Is it just me or is passing off things that aren't FOSS as FOSS a much bigger thing lately than it was previously.

Don't get me wrong. I remember Microsoft's "shared source" thing from back in the day. So I know it's not a new thing per se. But it still seems like it's suddenly a bigger problem than it was previously.

LLaMa, the large language model, is billed by Meta as "Open Source", but isn't.

I just learned today about "Grayjay," a video streaming service client app created by Louis Rossmann. Various aticles out there are billing it as "Open Source" or "FOSS". It's not. Grayjay's license doesn't allow commercial redistribution or derivative works.
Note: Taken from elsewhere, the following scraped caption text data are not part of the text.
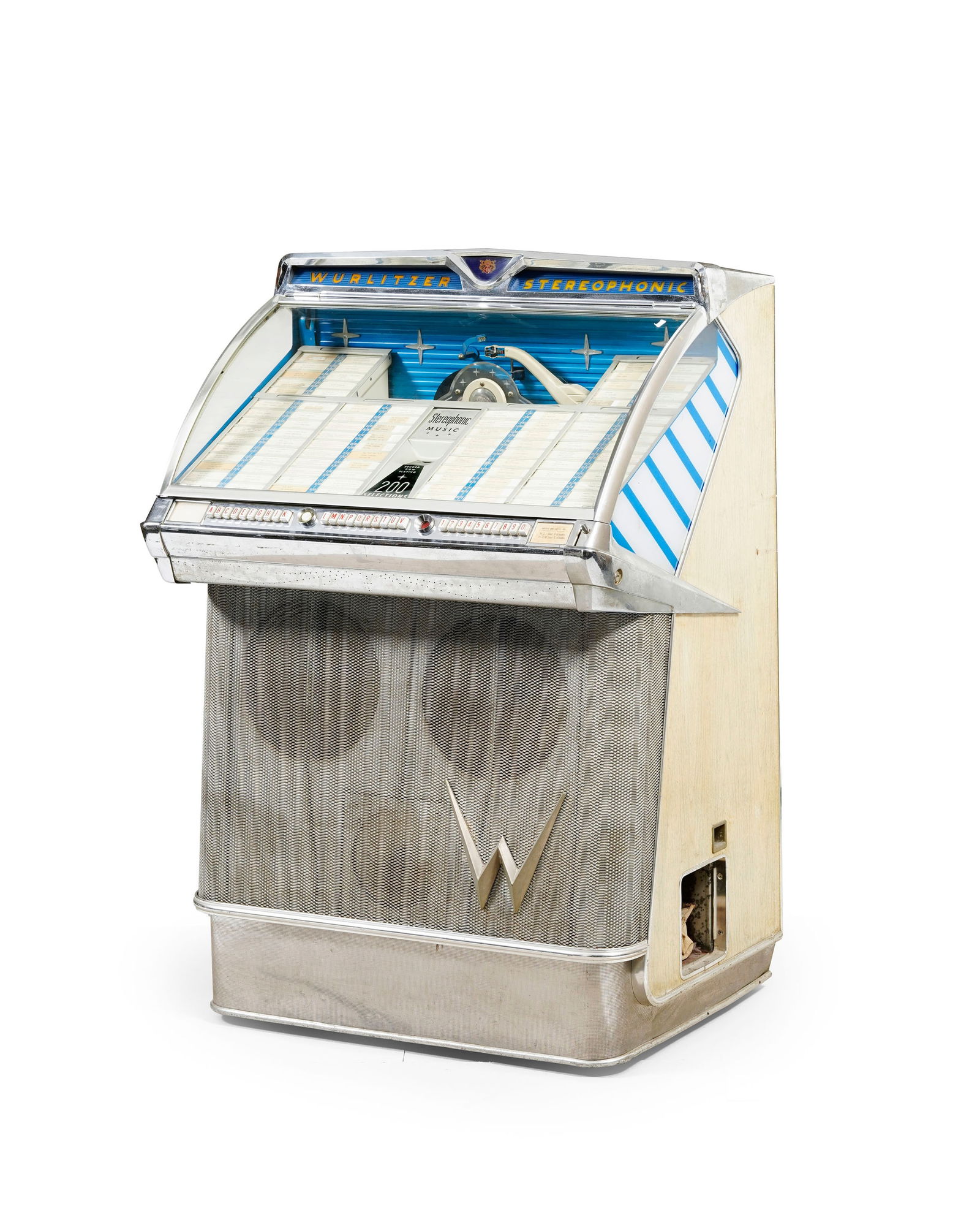 Jukebox Wurlitzer mod. 2300S, 1959, pour 200 sélections 45 tours vinyles, contient une collecti (1 of 4)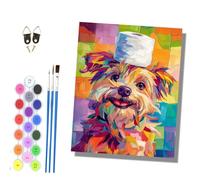 HONGPZH Paint by Numbers for Adults and Beginner Painting by Number Kits On Canvas Without Frame Color Acrylic Paints Home Wall Decor 40x50cm/16x20in The Dog with the Toilet Paper on its Head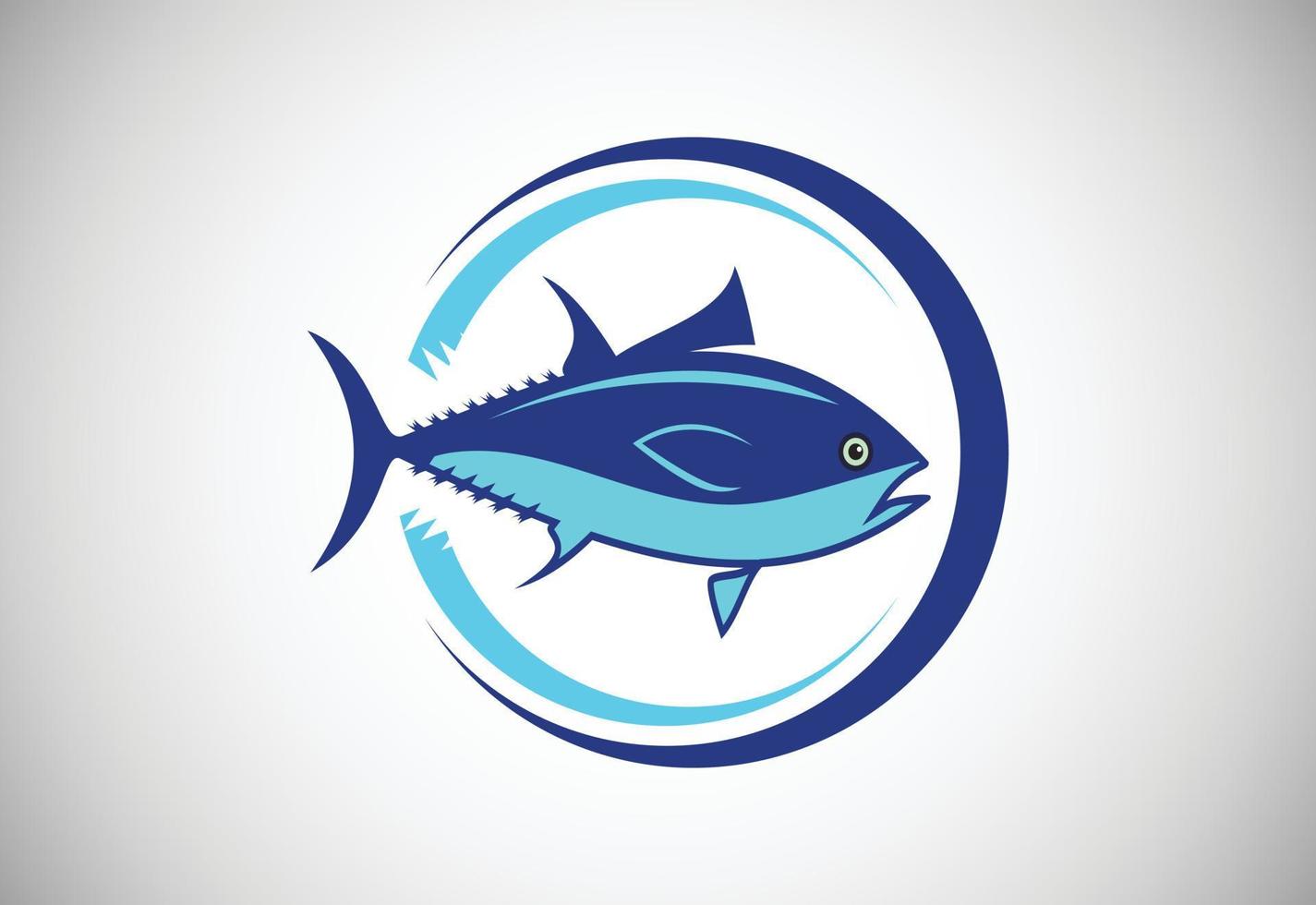 atum em um círculo. modelo de design de logotipo de peixe. ícone do conceito de logotipo de loja de restaurante de frutos do mar. vetor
Its source code is available to the general public, but that's far from sufficient to qualify as "Open Source." (That article even claims "GrayJay is an open-source app, which means that users are free to alter it to meet their specific needs," but Grayjay's license grants no license to create modified versions at all.) FUTO, the parent project of Grayjay pledges on its site that "All FUTO-funded projects are expected to be open-source or develop a plan to eventually become so." I hope that means that they'll be making Grayjay properly Open Source at some point. (Maybe once it's sufficiently mature/tested?) But I worry that they're just conflating "source available" and "Open Source."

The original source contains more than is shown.